Vou me atrever a usar o exemplo para contraste preferido dos progressistas: as religiões de matriz africana. Suponha que o mesmo subprocurador da República fosse um ogã de um terreiro de Umbanda e resolvesse agradecer ao seu orixá - suponhamos Xangô, o representante da Justiça - ali na mesma situação, em uma sessão. Ele poderia agradecer dizendo "kawó kabiecilè " e até cantando uma gira? Claro que sim. O que ele não poderia é sacrificar um cágado ou carneiro durante a sessão para consagrar o CNJ a Xangô.
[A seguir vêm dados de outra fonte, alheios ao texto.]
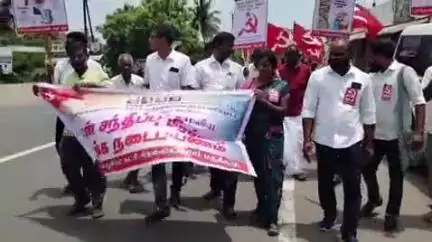 பண்ருட்டி: பல்வேறு கோரிக்கைகளை வலியுறுத்தி நெல்லிக்குப்பத்தில் CPI(M) சார்பில் மக்கள் சந்திப்பு பிரச்சார இயக்க நடைப்பயணம்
Estamos em um período de teste de limites entre progressistas e religiosos, com pessoas dispostas a passar por cima de regras e desrespeitar os outros de ambos os lados. Parece algo pouco cristão e também pouco razoável para quem se diz libertário, mas os que se dispõem a esse embate saem ganhando socialmente. Como as discussões na mídia e nas mídias sociais são feitas como briga de torcidas, assumir a dianteira fortalece a pessoa dentro da própria bolha, ainda que as ações dela contrariem os princípios mais básicos daquela bolha.
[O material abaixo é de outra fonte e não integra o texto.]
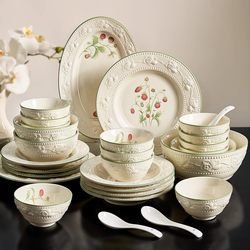 British Exquisite Bowl and Plate Set for Home Use 2025 New Ceramic Tableware Combination High-End Bowl, Plate, and Chopsticks Housewarming Gift Box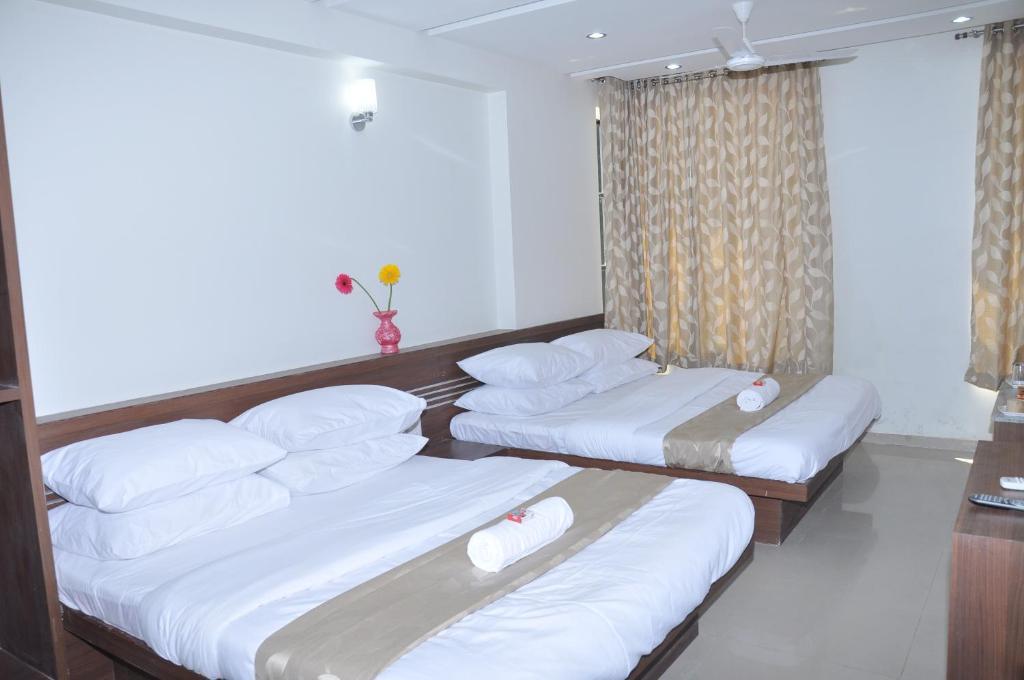 Sai Srushti Hotell Shirdi Rom bilde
Viver num mundo paralelo se tornou opção para o universo adulto. Há quem chame de "opinião" as fantasias pessoais, inventa-se algo que se apresenta como "essa é a minha opinião". Opiniões são nossas avaliações pessoais sobre fatos, tanto sobre o que os originou quanto sobre suas consequências. Sem fatos não há opinião, há um universo paralelo onde é tentador ficar abrigado para jamais ter um desejo contrariado. Quanto mais fraca a personalidade, mais ela tende a recorrer ao universo palalelo.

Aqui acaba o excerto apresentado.